Há a travesti cuja memória de menino (mais uma vez, o mesmo?) se perde no limbo “em que se transformou o passado”. Ou o bêbado, “chumbado, tonto. Mamado”. O louco, o abandonado, rasgado, sujo, jogado, estirado, duro, teso, liso. Ou o jogador, o errante, o velho que perdeu tudo, o que não servia para nada, o instrumentista.
Todas estas figuras podem ser lidas como existências individuais, mas também como diferentes versões de uma mesma realidade. E fica-se com a impressão de que a intenção do autor é mesmo não definir os contornos exatos de seus personagens porque incontornáveis são os destinos daqueles que retratam. Assim, os rostos que emergem e desaparecem das páginas do livro em sucessão vertiginosa aparecem como máscaras, os protagonistas somam vozes numa espécie de coro dos excluídos.
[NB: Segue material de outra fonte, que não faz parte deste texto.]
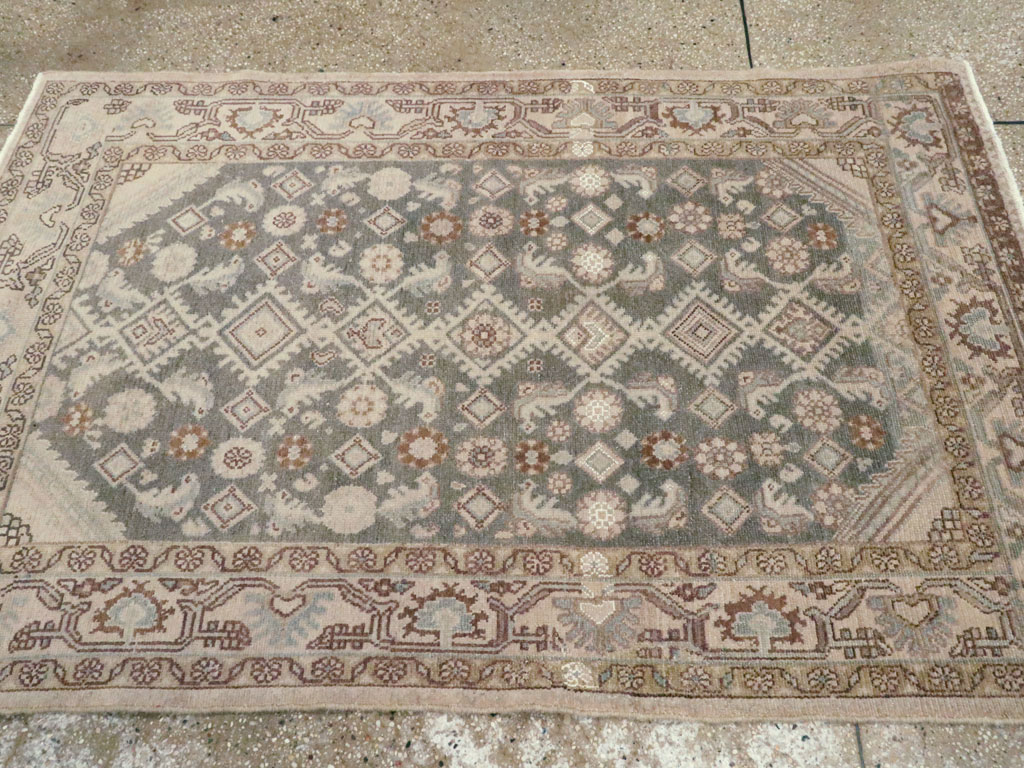 Vintage Persian Malayer Rug, No.22588 - Staging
Aliás, na minha opinião, o romance só desenvolve sua verdadeira força quando lido como o canto de um coro teatral à moda do teatro grego: a fala de um corpo homogêneo, não individualizado que comenta a realidade com uma voz coletiva, revelando ao leitor o que os personagens não podem ou não sabem dizer, como os seus medos e desejos ocultos.
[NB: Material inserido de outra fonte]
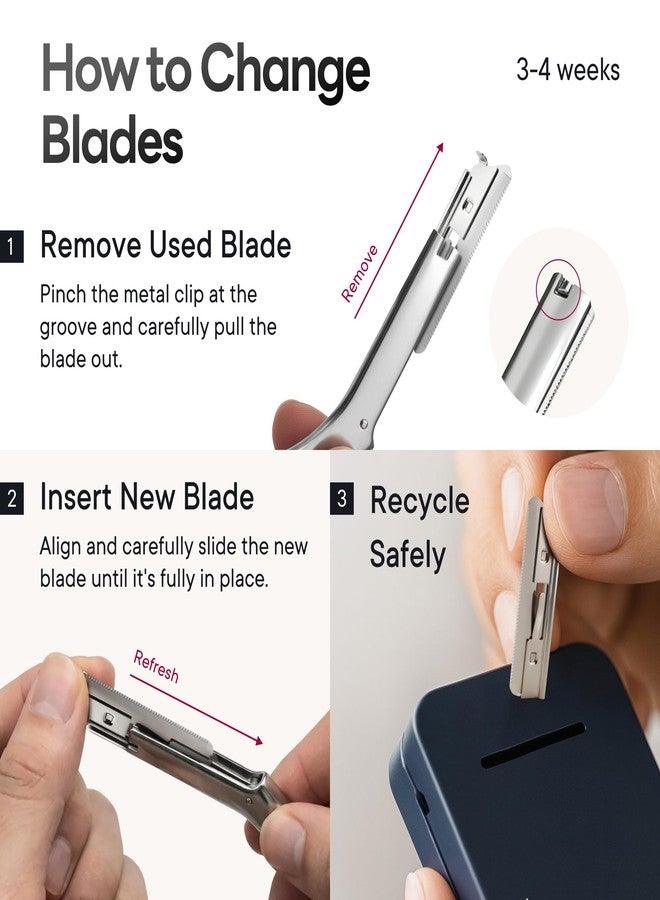 شفرات حلاقة الحواجب من CAVEEM، 10 شفرات بديلة لتشكيل الحواجب بدقة وإزالة شعر الوجه - Image 5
Dentre estas vozes sobressaem-se a do “menino” e a da “travesti”, que, no entanto, também podem ser apenas dois lados do mesmo espelho. O menino está no começo e no fim do livro. A travesti perpassa as estações desta narrativa intrincada e esfíngica como uma Ariadne perdida no próprio labirinto. O que a conduz, assim como aos outros personagens, é a necessidade desesperadora de encontrar uma saída. E é aí que seu destino se realiza como incongruência: quanto mais eles correm para encontrar uma porta de escape, mais se veem emparedados.
Morte
O que une todas essas figuras, sejam elas de fato portadoras de histórias individuais distintas ou apenas diferentes planos do mesmo corpo fragmentado em sua constante mobilidade, é a sensação de insignificância diante da finitude. E é, paradoxalmente, esta consciência de que a cada passo avançamos para mais perto da morte, é a iminência da paralisia final que parece impulsionar os personagens a continuar correndo e prosseguir lutando.
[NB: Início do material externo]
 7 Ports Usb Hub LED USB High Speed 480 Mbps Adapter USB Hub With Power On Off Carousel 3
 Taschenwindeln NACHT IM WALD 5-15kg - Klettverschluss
A morte, evitada e desejada, é punição e redenção num só movimento de chegada, é o território onde toda a busca termina, o “lugar para cair e fechar os olhos de vez”. Lendo-se este pequeno mas denso livro com atenção, nota-se que é dela que se fala o tempo todo. É ela, a morte, que está por trás do cerol feito pelo menino para “derrubar as voadoras” alheias, ela está por trás da pipa que se perde, está na resignação do homem, “cuspido pela liberdade, largado de apego”, na perseverança cansada da travesti “abusada, (…) fingindo ser a dona da banca com o traçado no meio copo”. A finitude está na penumbra do quarto, onde “sobre o colchão há alguém atormentado, encoberto, encolhido como um feto ainda no ventre materno”, ou nas flores que voam fazendo um espetáculo ao lado do velho caído, “lambendo pedra”. A morte é a companheira do “moleque de rua cheio de fome e de sede”, do início ao fim:
Aquele moleque cheio de fome e sede adulteceu e fez morrer. Ainda se escuta o nome dele pela janela, voando as sílabas pela escadinha que dá na rua. Desistiu, não há nada mais: o bonde passou e ele caiu nos trilhos. Esperou o Zé Maria vir buscá-lo pelo pé. Lamentou o tédio de aguardar a morte sem ao menos um pito. E, quando ela chegou, restou apenas carne: sua história já escapara, ao lado dos seus mais chegados, pois que todos morrem com a vida que se renova. — A de sétimo dia é quinta-feira.
Na morte, as pontas se unem e o destino do menino que é um coro se realiza. Sua vida é representativa para todos os que, como ele, morrem diariamente, insistindo em viver.